Work item:
Starting at the top of the listing, extract every line up to and including the one with "thumbnail image 1". Pictures stay out of the copy.

Study material:
* * *
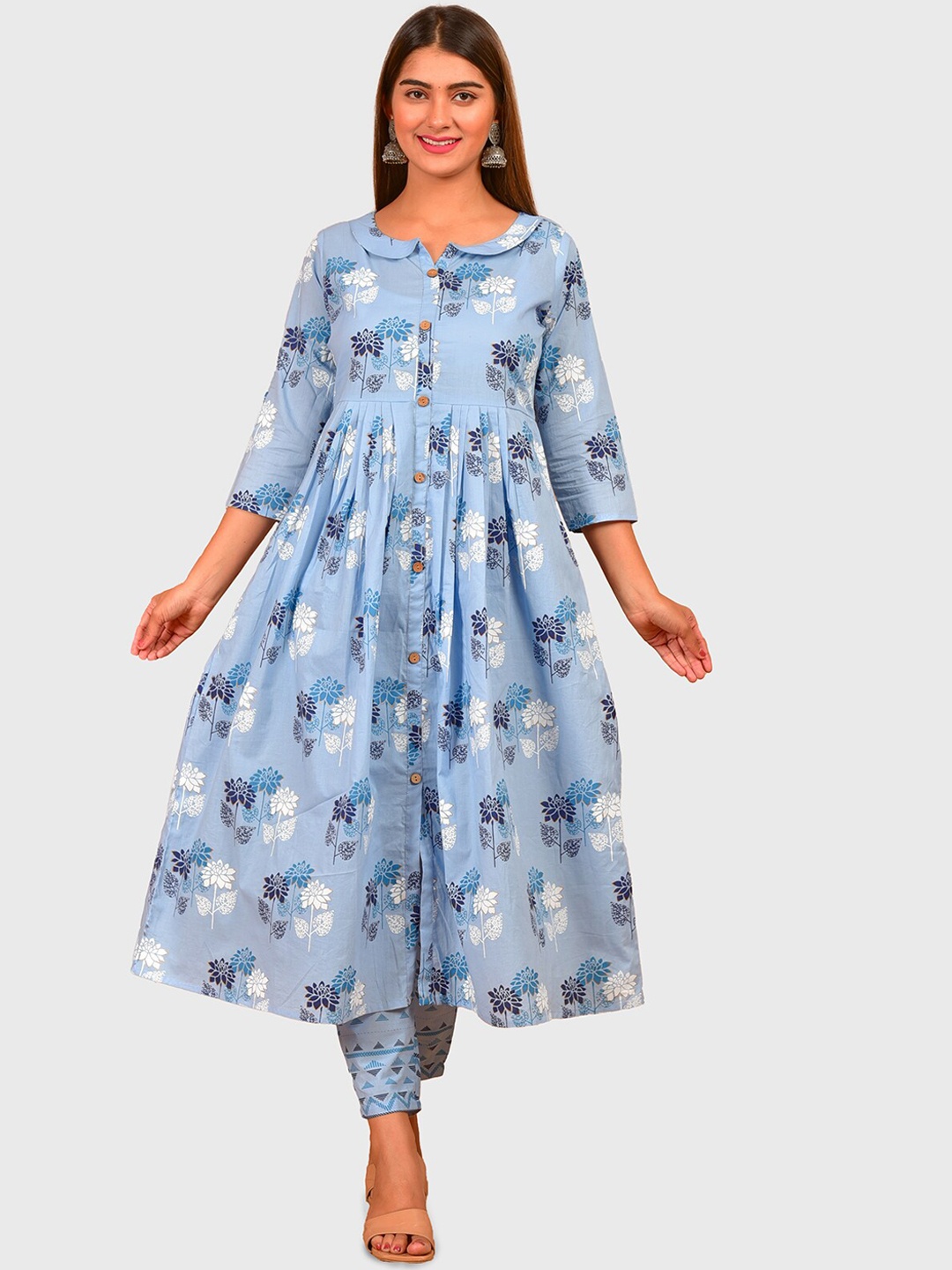 

KALINI Floral Printed Pure Cotton Kurta with Trousers, Blue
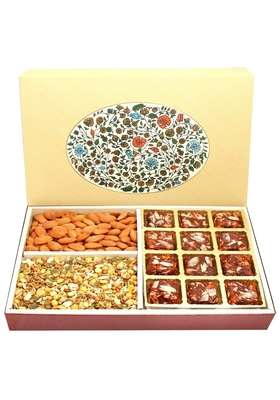 Ghasitaram Gifts Eco Print 4 Part 12 Pcs Sugarfree Dates and Figs Bites,Almonds Roasted Namkeen Hamper|Sugar Free Sweets|Diabetic Friendly|Diwali Sugar Sweets Box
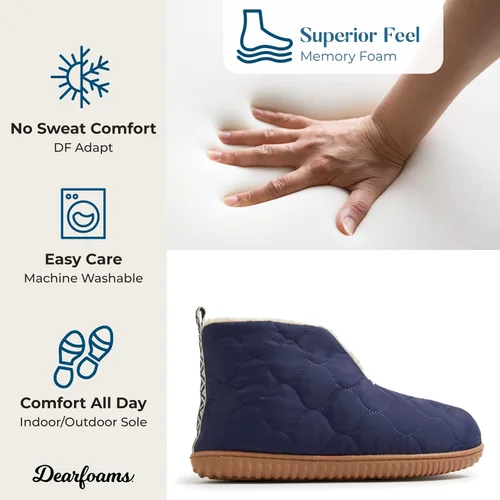 Vista 4 de Dearfoams Pantuflas tipo botín de calentamiento para interiores y exteriores para mujer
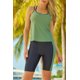 thumbnail image 1 of ABPHQTO Tankini de dos piezas con tiras cruzadas y estampado abstracto verde de mujer, 1 of 5
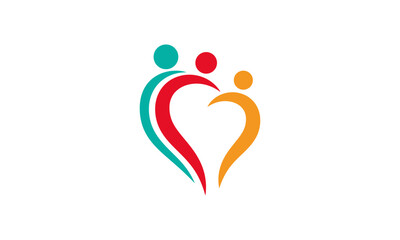 love logo in the family, charity icon, human logo with love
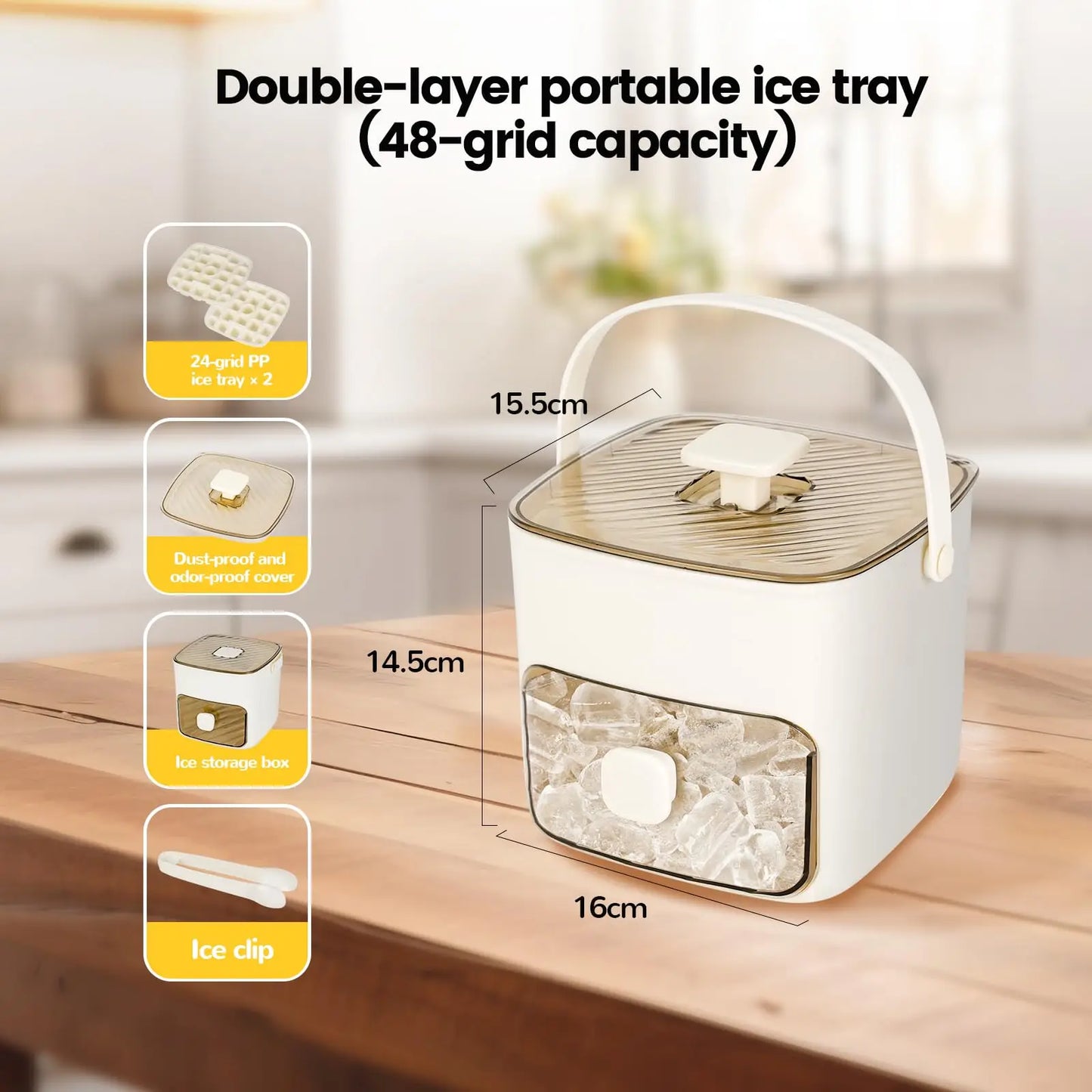 Grid Reusable Ice Cube Tray with Storage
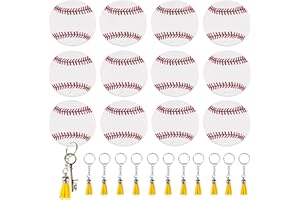 LDNTLY 48PCS Baseball Acrylic Keychain Blanks Kit,12 Baseball Keychain ,12 Baseball Tassels,12 Key Chain Rings,12 Jump Rings,Baseball Bag Tag,Baseball Gifts,Baseball Sports Bag Charm,Baseball Team Gifts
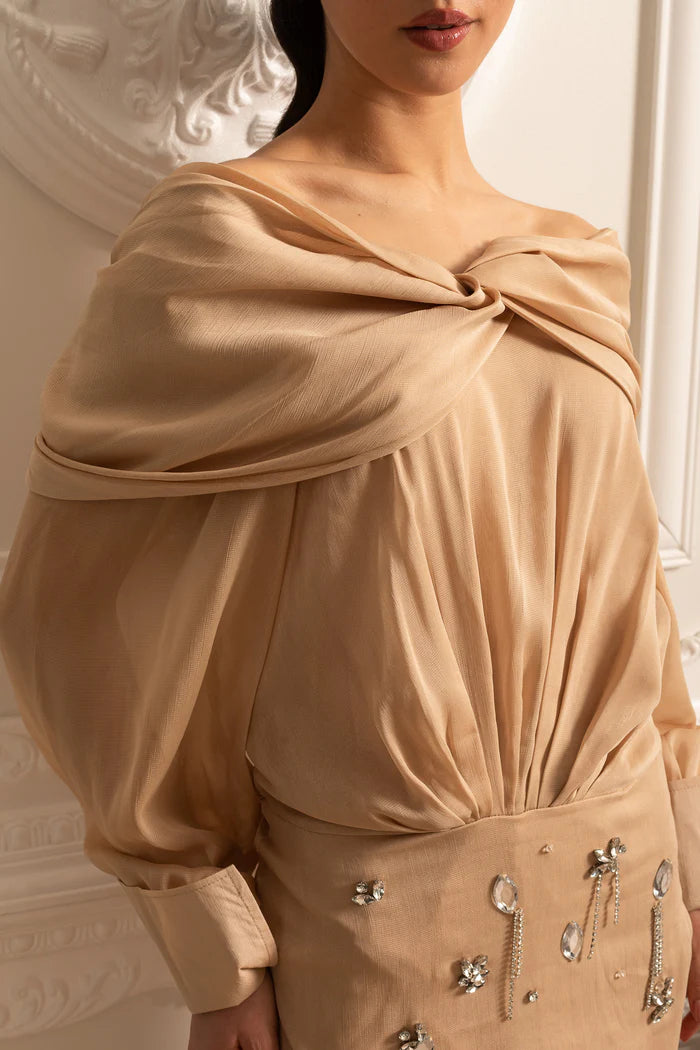 Off-Shoulder Draping Dress With Long Sleeves And Sparkling Embellishments - Beige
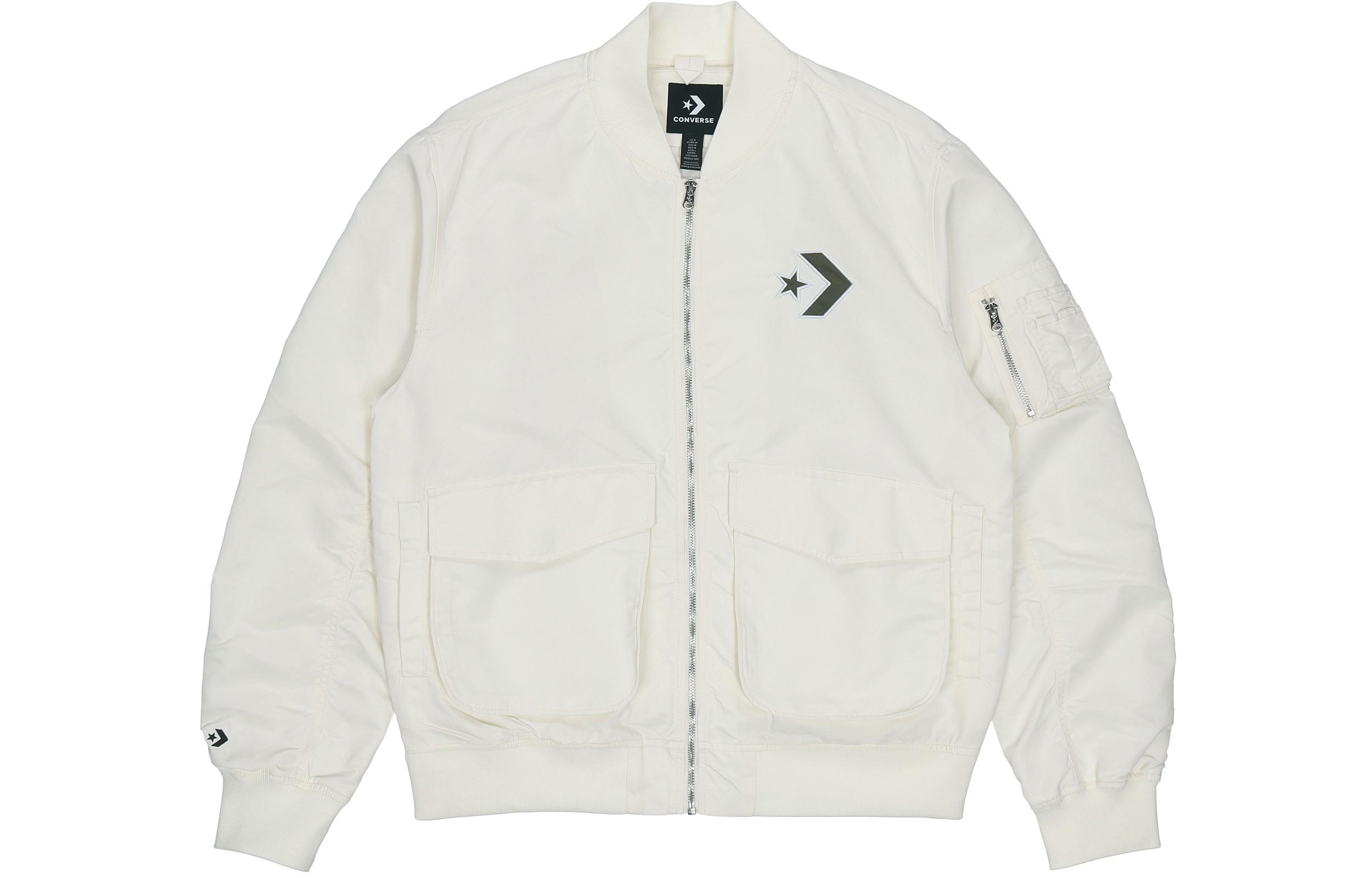 Converse Jackets Unisex White Baseball Collar Moderate 10024169-A01 L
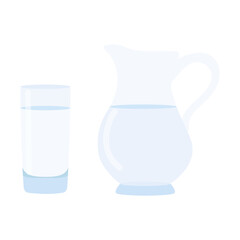 Milk jug and glass of milk. 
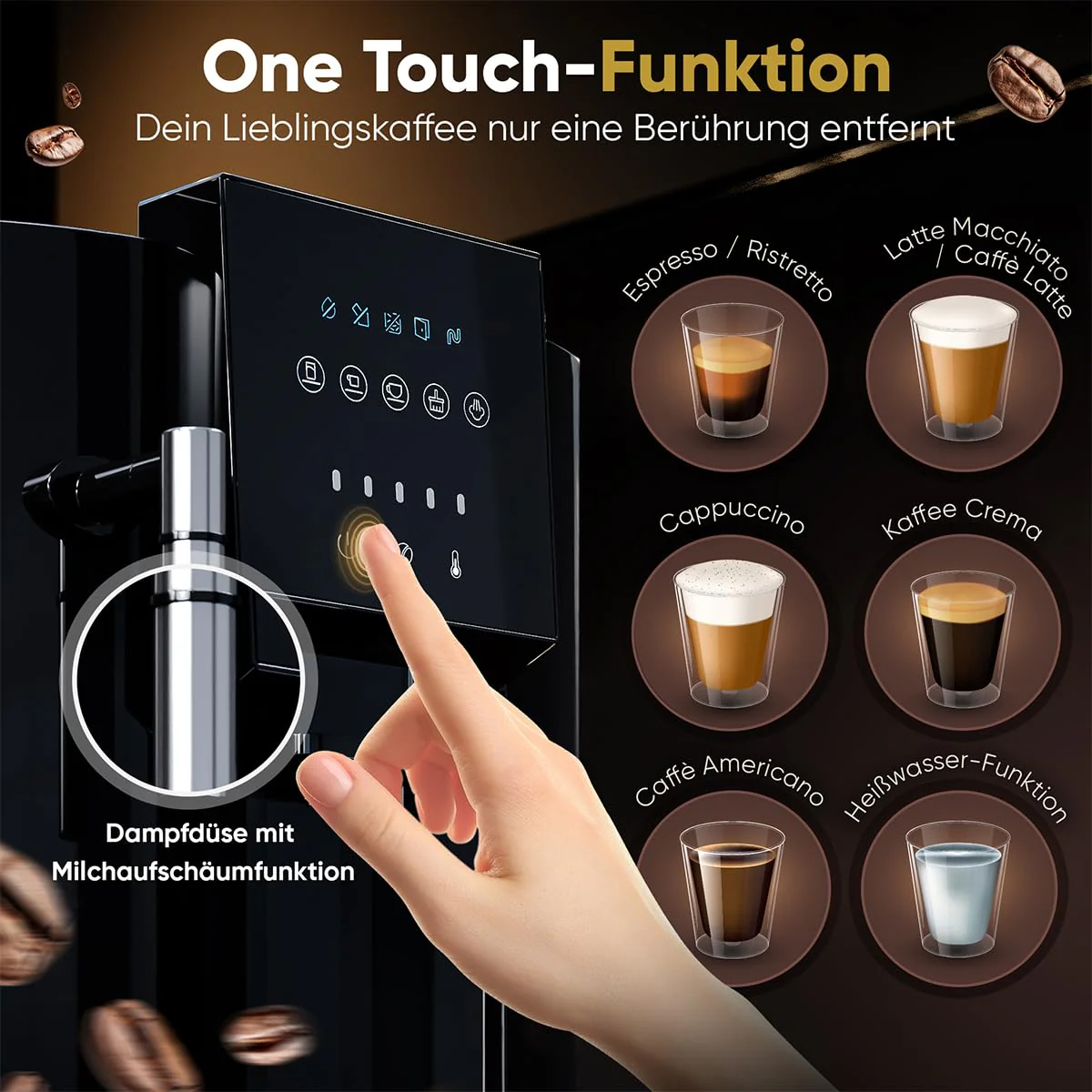 ProfiCook® Kaffeevollautomat mit Milchaufschäumdüse für Cappuccino | Kegelmahlwerk | mit Vorwärmfunktion für Tassen | italienische Profi-Pumpe | Touch-Display | Kaffeemaschine | PC KAV 1281 - Image 6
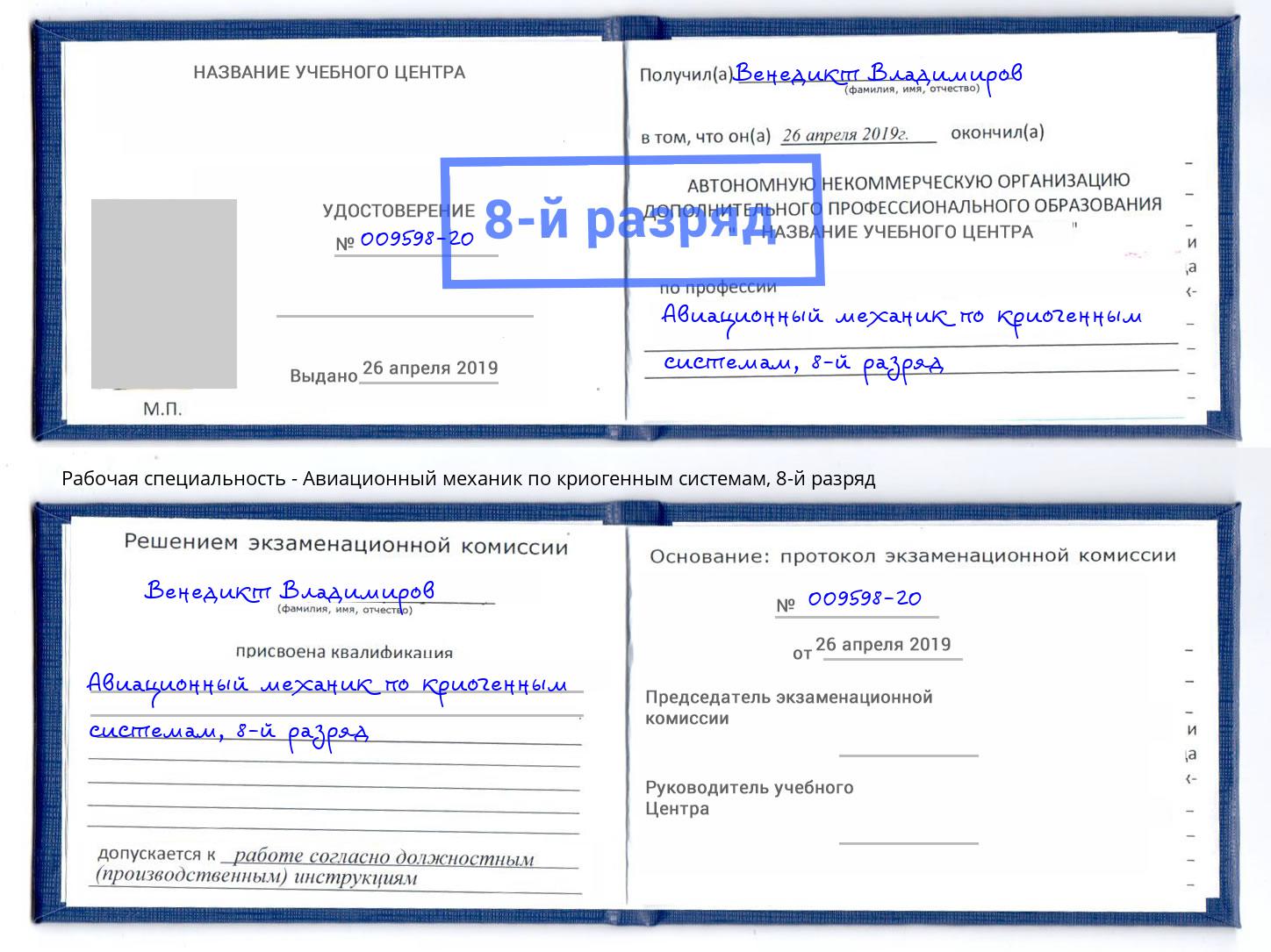 корочка 8-й разряд Авиационный механик по криогенным системам Богданович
* * *
Task result:
KALINI Floral Printed Pure Cotton Kurta with Trousers, Blue
 Ghasitaram Gifts Eco Print 4 Part 12 Pcs Sugarfree Dates and Figs Bites,Almonds Roasted Namkeen Hamper|Sugar Free Sweets|Diabetic Friendly|Diwali Sugar Sweets Box
 Vista 4 de Dearfoams Pantuflas tipo botín de calentamiento para interiores y exteriores para mujer
 thumbnail image 1 of ABPHQTO Tankini de dos piezas con tiras cruzadas y estampado abstracto verde de mujer, 1 of 5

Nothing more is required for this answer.